Is finding the explicit formula for a linear homogeneous recurrence relation the same process as solving for the linear homogeneous recurrence relation? For example, if I solved:

$$b_n = b_{n−1} + 12 b_{n−2}$$ with initial values $b_0 = −2$ and $b_1 = 20$.

Would the solution $b_n = 2 \cdot 4^n - 4(-3)^n$ be the explicit formula?
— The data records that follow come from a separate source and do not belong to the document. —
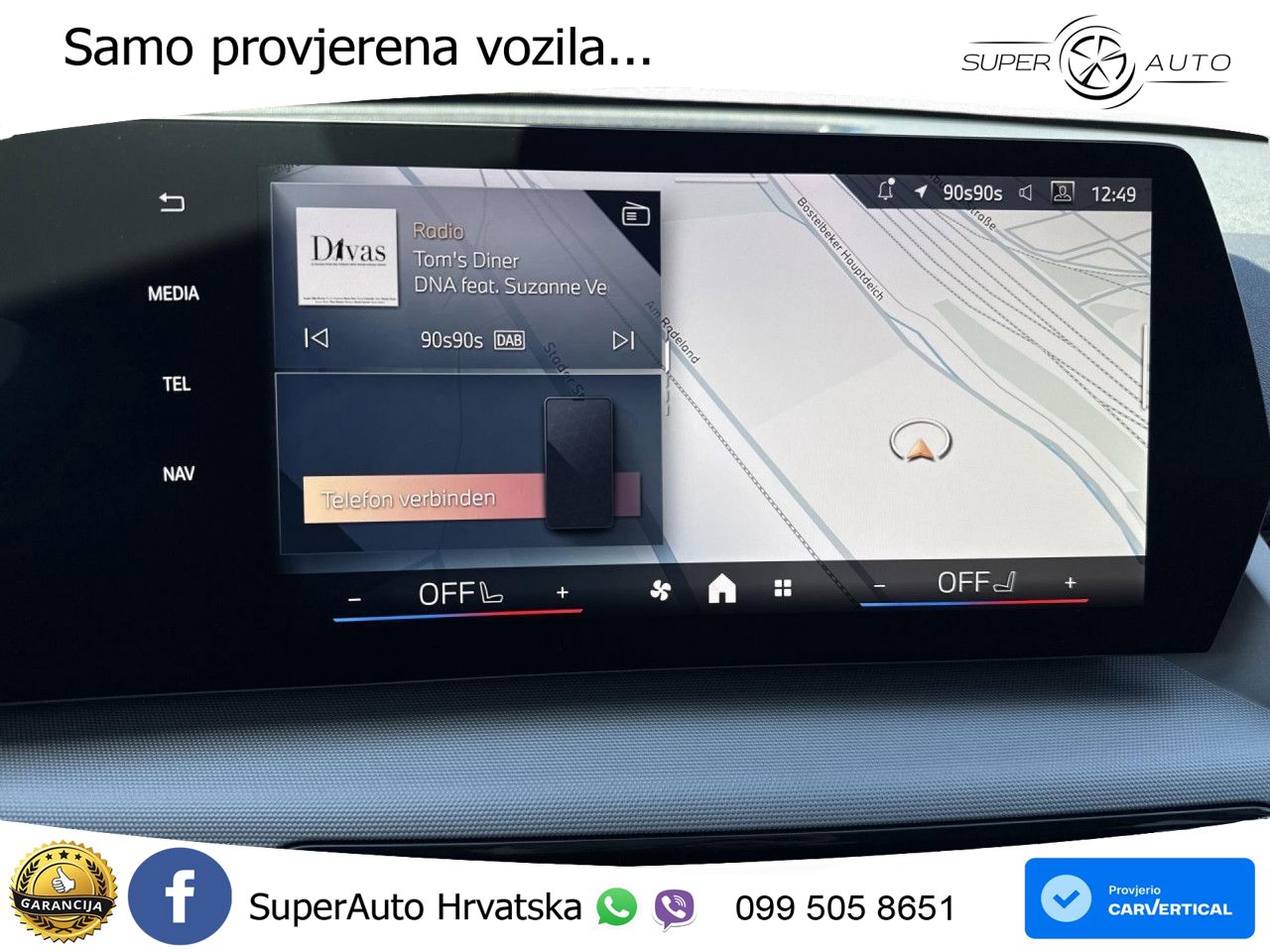BMW X2 xDrive20d Steptronic LED+GR SJED+ACC
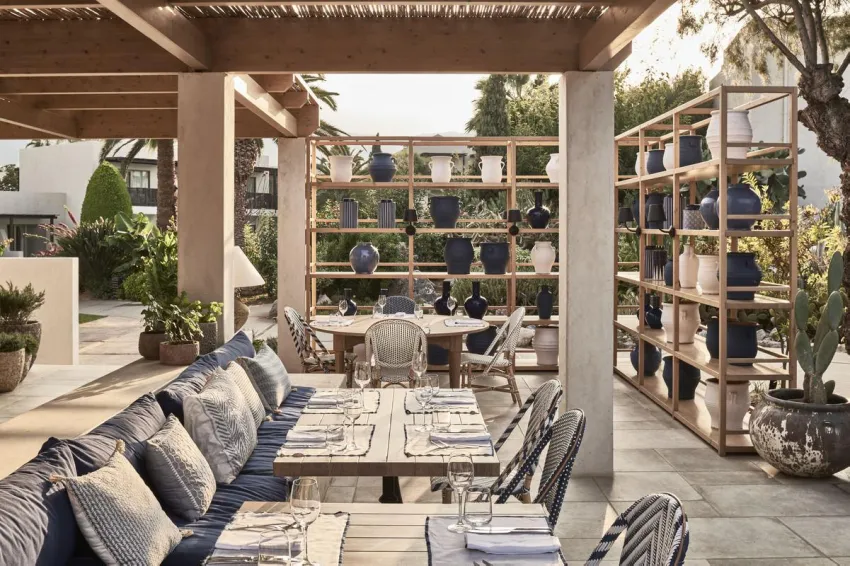 Phaea Cretan Malia 5*-25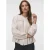 Vero Moda Vmcasey ls lace shirt wvn noos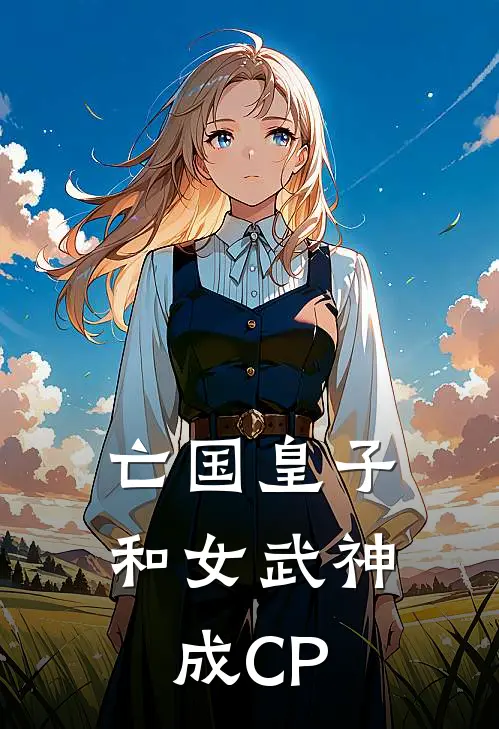 亡国皇子和女武神成CP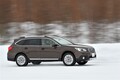 スバル雪上試乗会でインプレッサの完成度や次期WRX STIの走りをチェック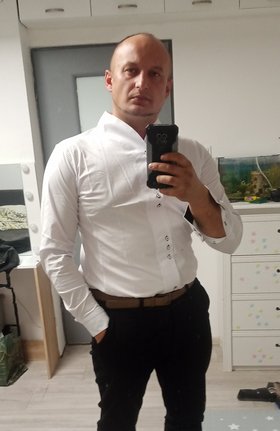 Najładniejsze zdjęcie użytkownika DominikCK91 - 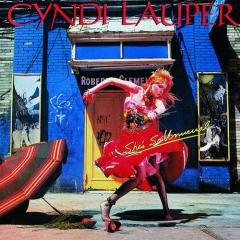 Time After Time von Cyndi Lauper (Download) 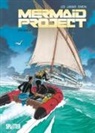 Corine Jamar, Le, LEO, Fred Simon - Mermaid Project. Episode.4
• According to Wolfram Alpha, the solution is $2^{2n+1}-4(-3)^n$. However, since $2^{2n+1} = 2*4^n$, your solution is correct. – Toby Mak Nov 2 '17 at 5:15
• Is my solution the same as the explicit formula for this recurrence relation? – smith1453 Nov 2 '17 at 5:19
• @smith1453 Welcome to MSE! Here you are able to use MathJax which is an excellent language for writting mathematical expressions. – mucciolo Nov 2 '17 at 5:32

Let $B(z) = \sum_{n=0}^\infty b_nz^n$. Multiplying both sides of the recurrence by $z^n$ and summing over $n\geqslant 2$ yields $$\sum_{n=2}^\infty b_nz^n = \sum_{n=2}^\infty b_{n-1}z^n + 12\sum_{n=2}^\infty b_{n-2}z^n.\tag1$$ Writing $(1)$ in terms of $B(z)$, we have $$B(z) - b_0 - b_1z = z(B(z) - b_0) + 12z^2B(z).\tag2$$ Substituting $b_0=-$2 and $b_1=20$ into $(2)$ and solving for $B(z)$, we have $$B(z) = \frac{-2+11z}{1-z-12z^2}\tag3$$ Using partial fraction decomposition, we may write the RHS of $(3)$ as $$-4\left(\frac1{1+3z}\right)+2\left(\frac1{1-4z}\right),\tag4$$ and expanding $(4)$ as a power series yields $$B(z) = \sum_{n=0}^\infty\left(4(-1)^{n+1}3^n + 2\cdot 4^n \right)z^n.$$ It follows that $$b_n = 4(-1)^{n+1}3^n + 2\cdot 4^n,\ n\geqslant2.$$